§ Work instruction
Return, unchanged and with no pictures, the lines below from the very first through the one that contains "Professional Stunt Spiderman Performer".

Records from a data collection
---+---

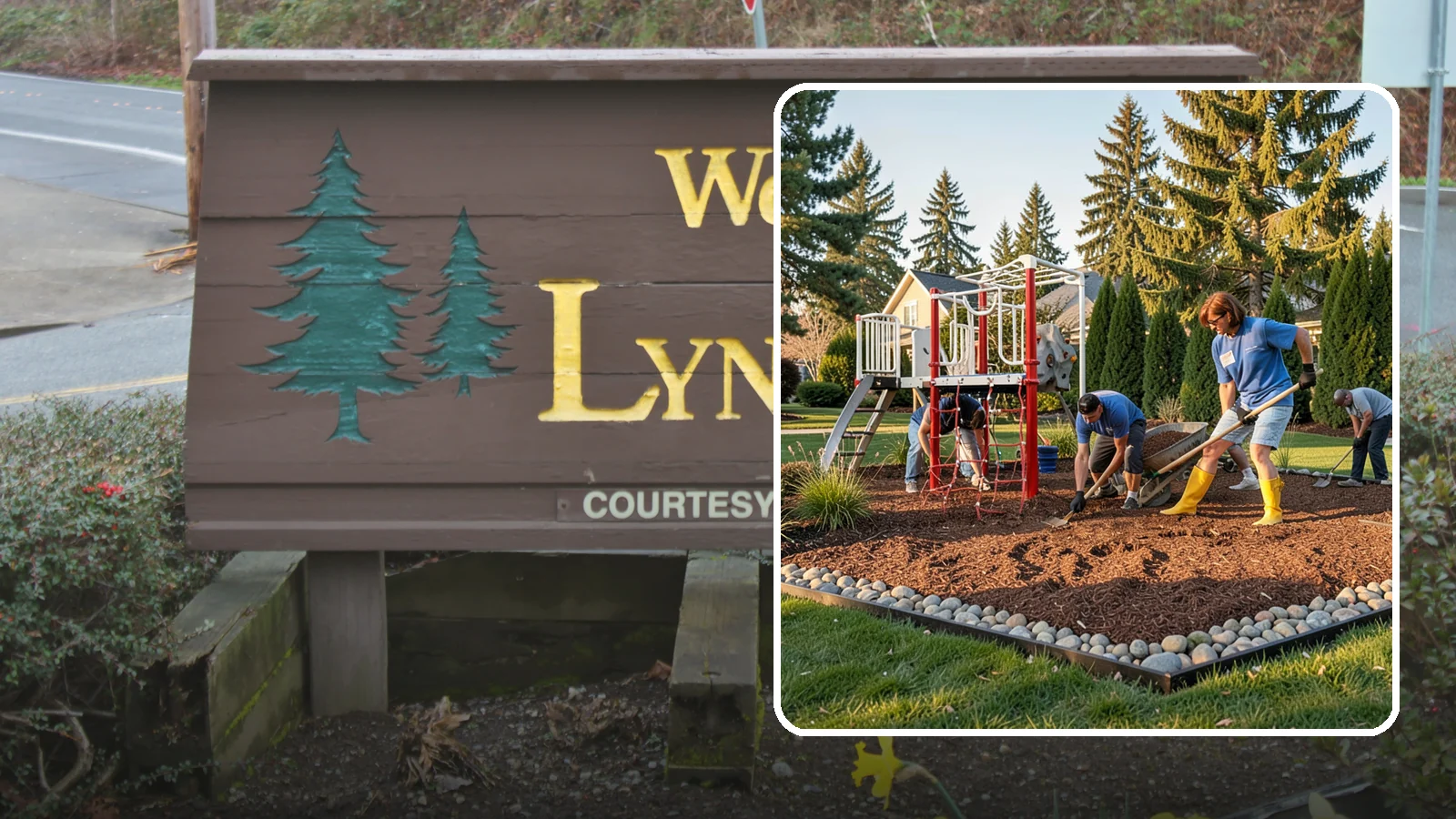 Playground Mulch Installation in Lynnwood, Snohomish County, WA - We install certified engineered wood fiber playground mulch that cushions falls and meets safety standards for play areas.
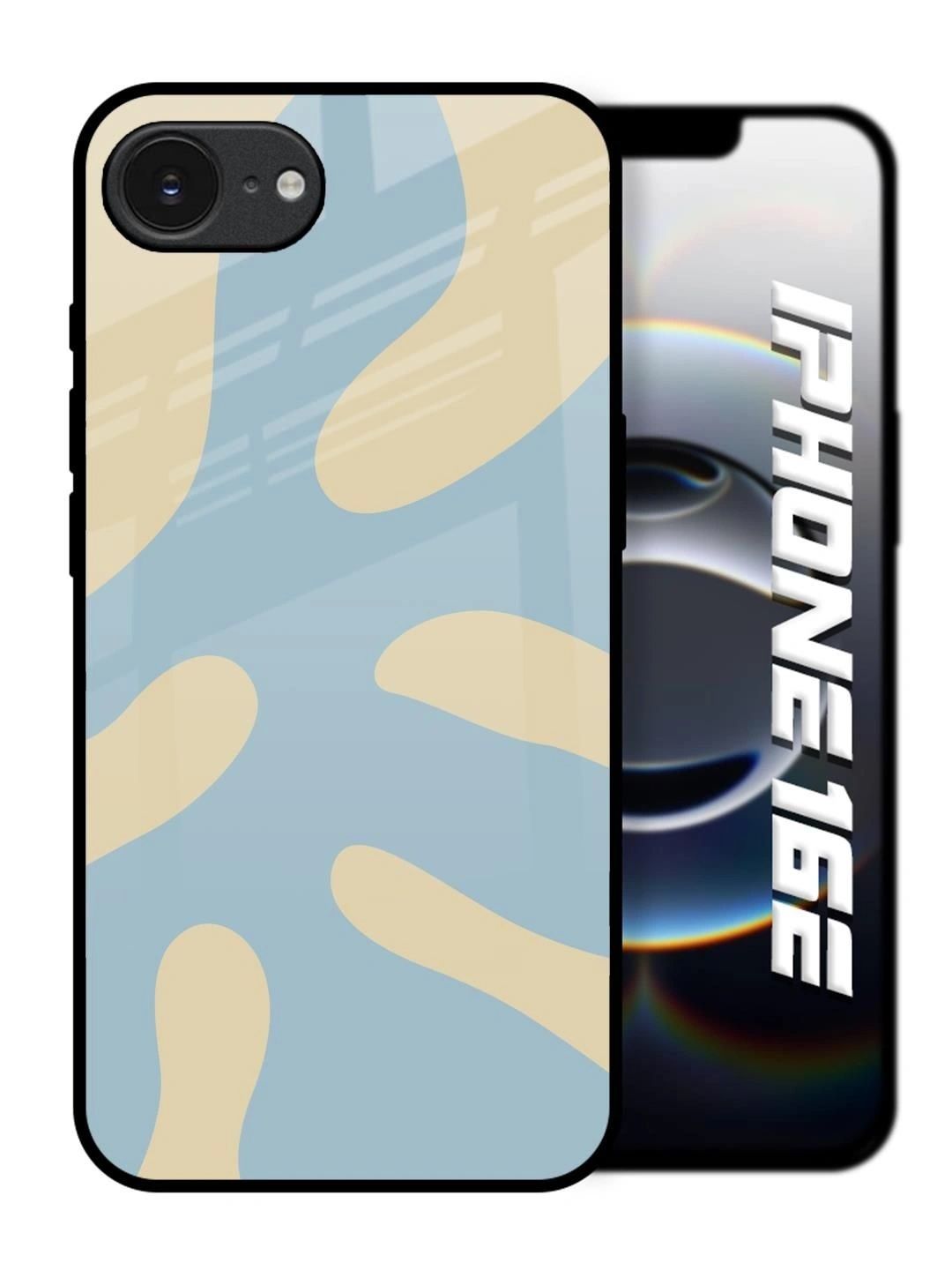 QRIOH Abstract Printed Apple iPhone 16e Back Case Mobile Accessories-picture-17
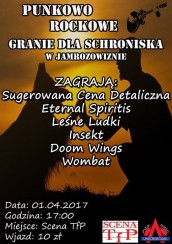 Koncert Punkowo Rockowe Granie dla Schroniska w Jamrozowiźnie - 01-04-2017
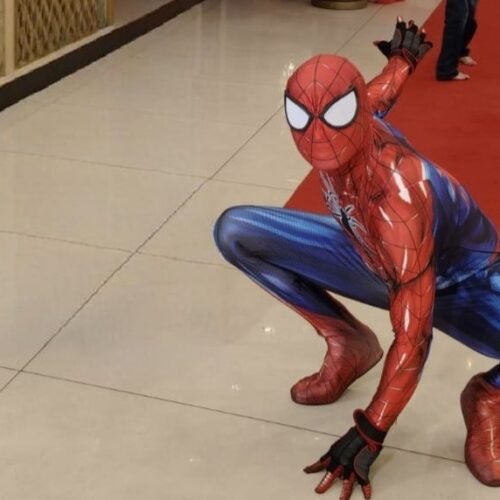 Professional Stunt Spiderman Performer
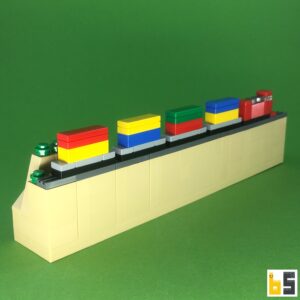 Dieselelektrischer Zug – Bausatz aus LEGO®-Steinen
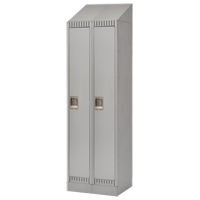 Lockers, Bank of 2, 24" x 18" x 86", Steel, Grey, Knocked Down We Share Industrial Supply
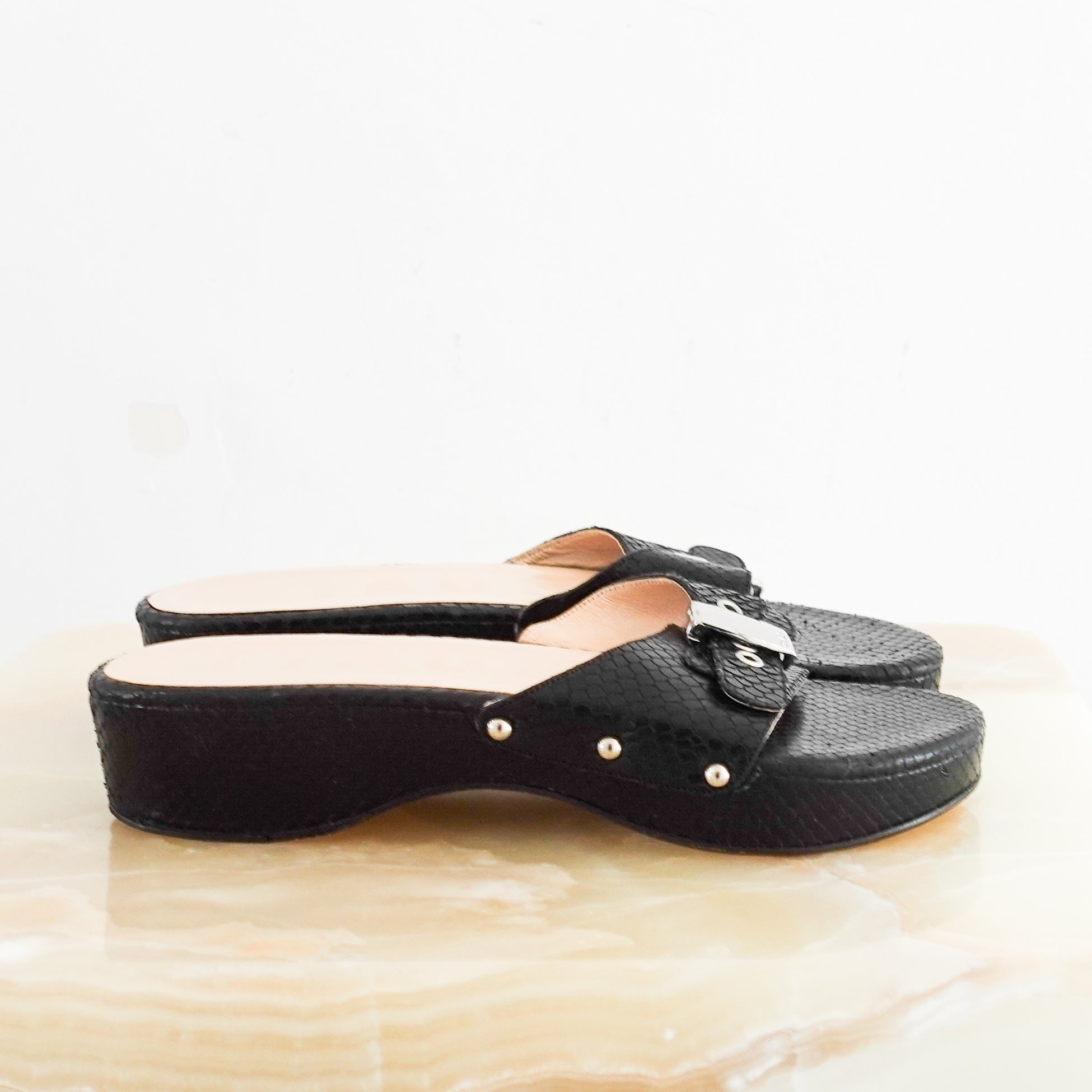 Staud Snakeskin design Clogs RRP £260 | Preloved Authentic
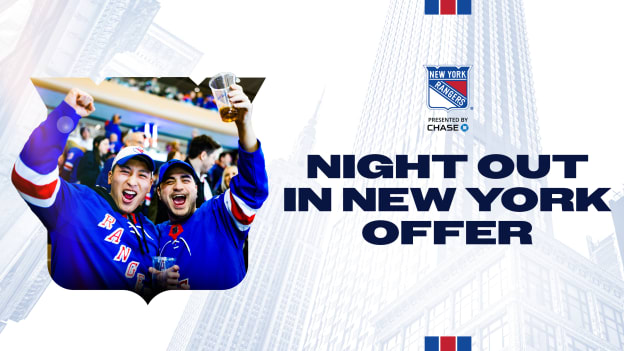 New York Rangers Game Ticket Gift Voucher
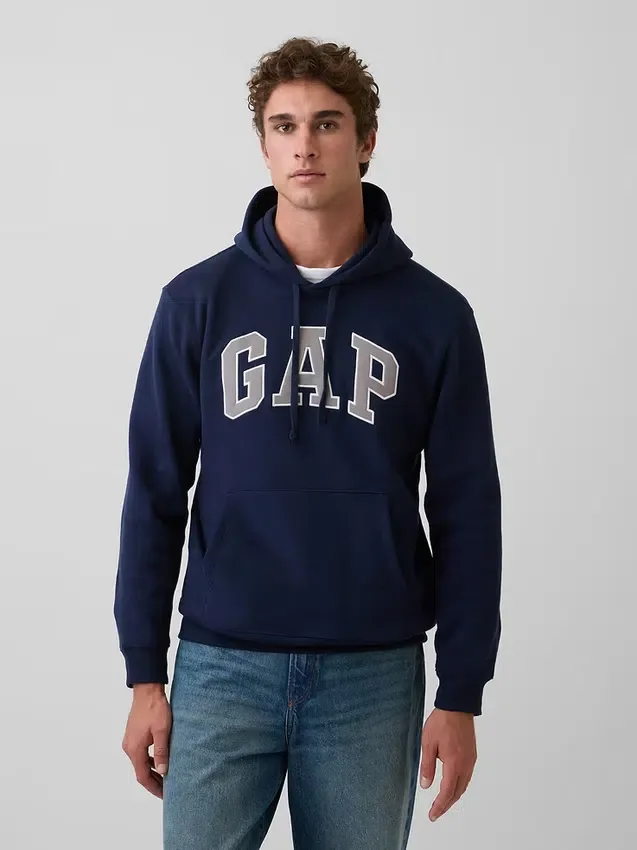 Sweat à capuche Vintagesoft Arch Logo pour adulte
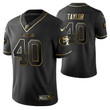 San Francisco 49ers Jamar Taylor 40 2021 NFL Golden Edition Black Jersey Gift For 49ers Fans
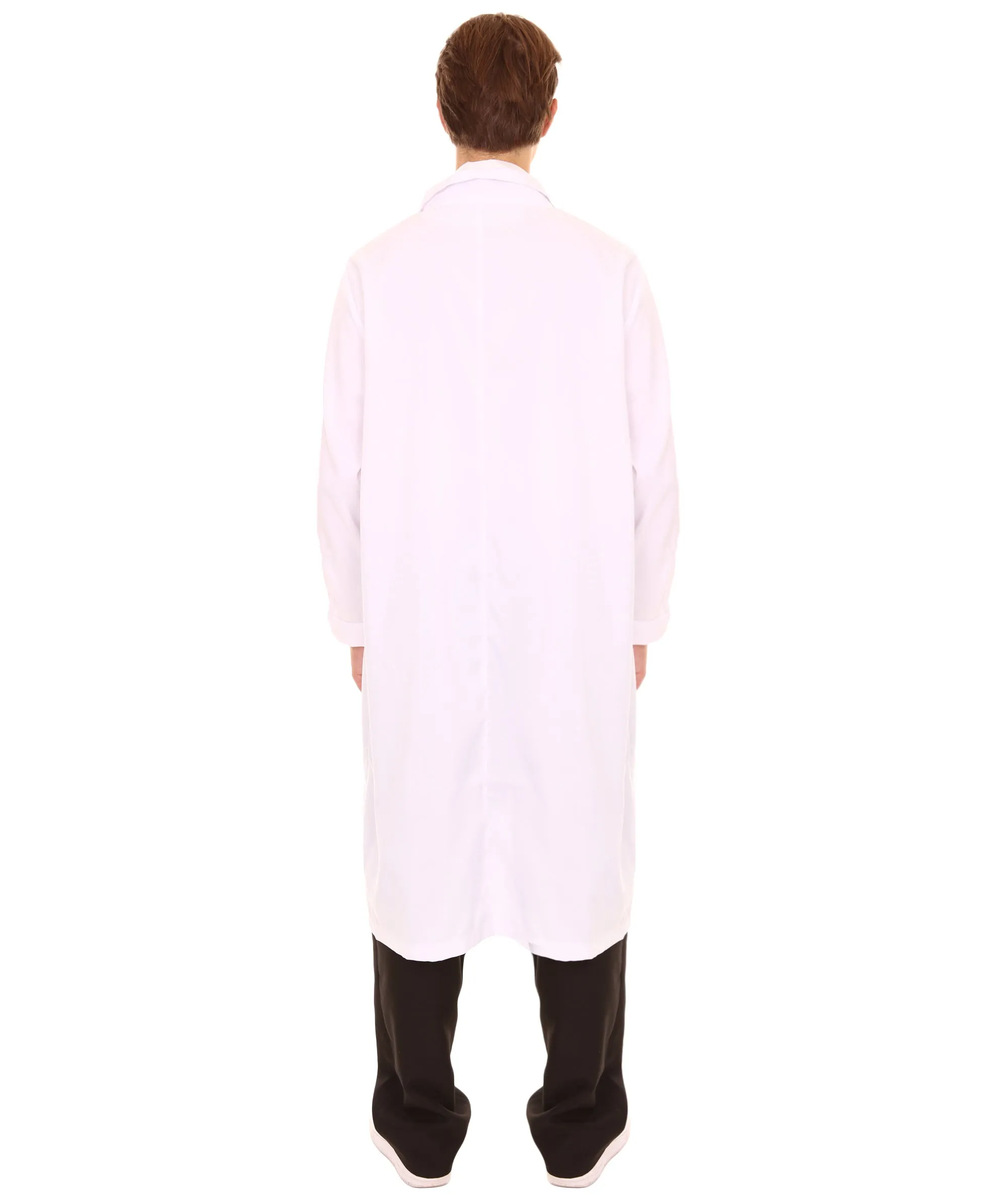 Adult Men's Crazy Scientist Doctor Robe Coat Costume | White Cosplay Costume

---+---

§ Task output
 Playground Mulch Installation in Lynnwood, Snohomish County, WA - We install certified engineered wood fiber playground mulch that cushions falls and meets safety standards for play areas.
 QRIOH Abstract Printed Apple iPhone 16e Back Case Mobile Accessories-picture-17
 Koncert Punkowo Rockowe Granie dla Schroniska w Jamrozowiźnie - 01-04-2017
 Professional Stunt Spiderman Performer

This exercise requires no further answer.